You can estimate how much specific schools will cost and determine whether your family has the funds to afford the expense using our Education Investment Planner.
In addition to tuition, you'll need to factor in various costs such as room and board, transportation, fees, books, and personal expenses. To get a good picture of the real cost of college, take time to read about the cost components.
When evaluating a school's affordability, look at your family's overall financial picture to determine which costs you can cover. If your family is like most, you'll need to investigate all the financial aid options offered at a school. Keep notes on everything you learn and file them in that school's folder.
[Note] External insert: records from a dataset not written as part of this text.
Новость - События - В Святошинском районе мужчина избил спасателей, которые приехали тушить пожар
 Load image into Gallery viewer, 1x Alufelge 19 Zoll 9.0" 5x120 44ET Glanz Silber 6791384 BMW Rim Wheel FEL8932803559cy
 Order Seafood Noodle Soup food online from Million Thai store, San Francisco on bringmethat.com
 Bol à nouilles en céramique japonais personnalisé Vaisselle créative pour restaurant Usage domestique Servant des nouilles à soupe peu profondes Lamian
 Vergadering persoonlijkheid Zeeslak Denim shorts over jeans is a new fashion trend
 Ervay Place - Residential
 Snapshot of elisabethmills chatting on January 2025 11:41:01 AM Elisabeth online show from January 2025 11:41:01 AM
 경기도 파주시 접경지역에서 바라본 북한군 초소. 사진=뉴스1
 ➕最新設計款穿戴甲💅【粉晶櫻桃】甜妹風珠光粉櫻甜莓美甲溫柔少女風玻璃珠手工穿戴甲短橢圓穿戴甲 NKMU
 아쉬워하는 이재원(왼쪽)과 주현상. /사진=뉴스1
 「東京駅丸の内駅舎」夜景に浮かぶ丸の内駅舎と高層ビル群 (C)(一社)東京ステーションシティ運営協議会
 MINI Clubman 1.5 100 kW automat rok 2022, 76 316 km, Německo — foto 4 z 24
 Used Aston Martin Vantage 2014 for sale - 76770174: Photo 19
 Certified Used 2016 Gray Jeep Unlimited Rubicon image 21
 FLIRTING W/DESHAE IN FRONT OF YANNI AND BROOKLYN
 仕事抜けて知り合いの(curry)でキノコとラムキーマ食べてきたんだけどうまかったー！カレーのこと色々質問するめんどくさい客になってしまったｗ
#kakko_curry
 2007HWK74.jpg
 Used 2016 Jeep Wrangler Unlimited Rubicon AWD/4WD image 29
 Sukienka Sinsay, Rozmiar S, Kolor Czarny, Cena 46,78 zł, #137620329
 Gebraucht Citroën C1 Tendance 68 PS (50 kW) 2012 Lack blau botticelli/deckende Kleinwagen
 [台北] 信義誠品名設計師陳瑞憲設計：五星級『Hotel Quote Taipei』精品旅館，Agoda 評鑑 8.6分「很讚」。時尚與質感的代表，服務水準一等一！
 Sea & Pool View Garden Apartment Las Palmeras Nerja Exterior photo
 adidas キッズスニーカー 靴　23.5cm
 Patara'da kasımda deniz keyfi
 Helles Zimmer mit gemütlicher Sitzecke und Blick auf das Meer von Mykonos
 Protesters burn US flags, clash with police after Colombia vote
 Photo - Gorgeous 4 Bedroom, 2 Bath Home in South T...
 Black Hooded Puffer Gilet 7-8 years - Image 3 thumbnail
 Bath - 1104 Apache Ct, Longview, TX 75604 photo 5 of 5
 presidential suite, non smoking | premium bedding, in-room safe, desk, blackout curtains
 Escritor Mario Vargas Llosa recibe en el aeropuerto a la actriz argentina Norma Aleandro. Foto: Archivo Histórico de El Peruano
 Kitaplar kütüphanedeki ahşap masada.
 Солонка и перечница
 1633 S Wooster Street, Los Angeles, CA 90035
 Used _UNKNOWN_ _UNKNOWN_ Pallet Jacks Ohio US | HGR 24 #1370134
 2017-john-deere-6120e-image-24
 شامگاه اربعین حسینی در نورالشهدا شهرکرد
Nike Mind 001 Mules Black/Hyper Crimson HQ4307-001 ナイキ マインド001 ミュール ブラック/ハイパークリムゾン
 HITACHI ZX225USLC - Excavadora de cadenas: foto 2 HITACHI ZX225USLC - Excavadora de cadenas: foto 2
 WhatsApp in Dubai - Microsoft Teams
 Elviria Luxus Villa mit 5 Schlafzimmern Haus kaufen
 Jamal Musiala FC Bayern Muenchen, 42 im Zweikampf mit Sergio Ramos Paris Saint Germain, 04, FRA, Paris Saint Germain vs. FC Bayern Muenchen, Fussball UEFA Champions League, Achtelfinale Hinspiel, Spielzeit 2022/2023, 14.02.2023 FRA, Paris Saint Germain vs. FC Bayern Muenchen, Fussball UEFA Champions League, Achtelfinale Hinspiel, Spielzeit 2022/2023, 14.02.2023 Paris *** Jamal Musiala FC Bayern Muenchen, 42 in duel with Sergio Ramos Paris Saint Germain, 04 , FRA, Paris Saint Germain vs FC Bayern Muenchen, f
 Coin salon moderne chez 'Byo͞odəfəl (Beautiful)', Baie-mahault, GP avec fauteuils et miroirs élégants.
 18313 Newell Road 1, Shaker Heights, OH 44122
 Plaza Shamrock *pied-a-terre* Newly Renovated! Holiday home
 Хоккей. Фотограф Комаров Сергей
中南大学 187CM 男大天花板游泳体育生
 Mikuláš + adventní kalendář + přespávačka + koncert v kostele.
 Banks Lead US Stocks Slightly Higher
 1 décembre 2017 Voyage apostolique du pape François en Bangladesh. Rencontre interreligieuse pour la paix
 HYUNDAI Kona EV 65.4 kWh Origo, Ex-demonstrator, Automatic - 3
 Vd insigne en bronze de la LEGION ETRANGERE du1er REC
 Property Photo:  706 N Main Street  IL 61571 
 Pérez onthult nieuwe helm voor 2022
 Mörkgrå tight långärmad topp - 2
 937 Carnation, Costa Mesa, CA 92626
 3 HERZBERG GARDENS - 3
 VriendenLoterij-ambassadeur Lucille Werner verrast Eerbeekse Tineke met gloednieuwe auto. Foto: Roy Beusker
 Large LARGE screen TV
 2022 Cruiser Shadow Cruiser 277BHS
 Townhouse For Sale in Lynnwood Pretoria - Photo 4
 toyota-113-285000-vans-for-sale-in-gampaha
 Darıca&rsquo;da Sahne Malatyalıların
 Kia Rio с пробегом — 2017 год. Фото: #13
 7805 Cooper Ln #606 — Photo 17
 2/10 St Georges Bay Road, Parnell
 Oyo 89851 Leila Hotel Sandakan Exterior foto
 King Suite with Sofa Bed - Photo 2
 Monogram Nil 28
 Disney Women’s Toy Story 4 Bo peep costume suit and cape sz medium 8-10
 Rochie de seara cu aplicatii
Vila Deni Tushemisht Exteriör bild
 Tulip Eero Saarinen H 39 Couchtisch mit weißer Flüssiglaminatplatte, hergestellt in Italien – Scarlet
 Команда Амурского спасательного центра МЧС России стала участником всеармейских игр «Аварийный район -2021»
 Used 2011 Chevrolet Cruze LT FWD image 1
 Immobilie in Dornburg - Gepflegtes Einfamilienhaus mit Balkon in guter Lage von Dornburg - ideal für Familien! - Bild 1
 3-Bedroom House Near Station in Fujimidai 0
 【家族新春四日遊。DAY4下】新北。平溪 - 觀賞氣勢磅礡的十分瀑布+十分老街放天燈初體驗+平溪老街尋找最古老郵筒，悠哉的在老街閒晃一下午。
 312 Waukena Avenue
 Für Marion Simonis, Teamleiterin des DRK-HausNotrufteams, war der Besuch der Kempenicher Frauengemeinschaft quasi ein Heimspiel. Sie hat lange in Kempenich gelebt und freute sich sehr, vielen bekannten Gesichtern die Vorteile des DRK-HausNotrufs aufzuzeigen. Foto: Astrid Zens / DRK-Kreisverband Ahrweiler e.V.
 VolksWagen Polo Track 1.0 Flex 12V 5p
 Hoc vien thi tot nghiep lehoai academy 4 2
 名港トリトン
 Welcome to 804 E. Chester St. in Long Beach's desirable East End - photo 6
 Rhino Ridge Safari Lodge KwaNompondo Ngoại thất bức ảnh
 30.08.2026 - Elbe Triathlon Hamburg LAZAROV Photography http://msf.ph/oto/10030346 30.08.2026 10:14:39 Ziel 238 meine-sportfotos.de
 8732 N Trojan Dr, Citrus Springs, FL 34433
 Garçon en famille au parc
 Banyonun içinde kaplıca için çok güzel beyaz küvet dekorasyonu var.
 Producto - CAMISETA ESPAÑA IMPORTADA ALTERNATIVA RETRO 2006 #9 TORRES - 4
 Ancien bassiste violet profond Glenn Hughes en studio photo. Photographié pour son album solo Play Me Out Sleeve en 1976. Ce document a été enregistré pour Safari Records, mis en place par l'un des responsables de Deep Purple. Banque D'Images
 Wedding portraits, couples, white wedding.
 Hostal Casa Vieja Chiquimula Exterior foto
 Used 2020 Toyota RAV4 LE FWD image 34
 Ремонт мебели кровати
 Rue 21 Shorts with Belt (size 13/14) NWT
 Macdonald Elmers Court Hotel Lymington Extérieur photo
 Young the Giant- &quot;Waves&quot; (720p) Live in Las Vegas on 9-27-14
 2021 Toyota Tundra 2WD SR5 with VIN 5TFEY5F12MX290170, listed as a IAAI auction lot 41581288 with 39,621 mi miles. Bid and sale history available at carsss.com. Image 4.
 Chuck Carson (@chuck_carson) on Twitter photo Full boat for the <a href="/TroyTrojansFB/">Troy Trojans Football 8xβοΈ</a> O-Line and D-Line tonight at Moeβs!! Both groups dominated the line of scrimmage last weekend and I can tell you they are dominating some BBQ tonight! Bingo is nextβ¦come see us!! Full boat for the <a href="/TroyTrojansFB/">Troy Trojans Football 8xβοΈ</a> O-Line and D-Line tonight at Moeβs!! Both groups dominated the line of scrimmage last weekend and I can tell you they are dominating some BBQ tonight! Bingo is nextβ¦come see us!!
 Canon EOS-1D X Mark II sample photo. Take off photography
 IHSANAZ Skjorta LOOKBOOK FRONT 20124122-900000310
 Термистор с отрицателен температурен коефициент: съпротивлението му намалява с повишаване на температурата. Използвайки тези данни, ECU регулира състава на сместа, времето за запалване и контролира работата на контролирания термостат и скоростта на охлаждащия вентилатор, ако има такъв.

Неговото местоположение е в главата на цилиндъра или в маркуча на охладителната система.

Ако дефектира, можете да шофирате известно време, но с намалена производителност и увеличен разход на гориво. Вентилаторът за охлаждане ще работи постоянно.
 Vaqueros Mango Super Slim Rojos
If you're thinking about student loans, keep in mind that several factors (besides the amount you borrow) make up the true cost of education loans. Consider interest rates, fees, in-school payments, deferments, and government interest benefits paid and alternative repayment options available on federal subsidized student loans. It's a good idea to understand your responsibilities as a borrower, the consequences of excessive debt, and managing your finances. You can learn more about all of this in Manage your Money.
Contact the Financial Aid Office
If you can't find financial aid information in your research, you may need to contact each school's Financial Aid Office (FAO). Remember these offices are very busy at the beginning of each enrollment period (semester, trimester, or quarter), so try to schedule your call when things are a little less hectic for them.
Before you call, check out our Paying for College section, which can give you a speedy education on the language of financial aid.
Ask what the school offers in the way of financial aid. Find out how many students at the school get grants, scholarships, work-study, part-time jobs, and student loans. Ask things like:
- Does the school offer merit scholarships? Will they renew each year, as long as you keep up your grade point average?
- Does the school offer payment plans? This lets you spread tuition payments over the whole semester.
- What about work-study programs or jobs on campus?
- Does the school have campus-based loan programs?
The FAO can also help you understand the different types of student loans and the implications of borrowing. Ask for tips on cutting your loan costs and where to find more student loan information.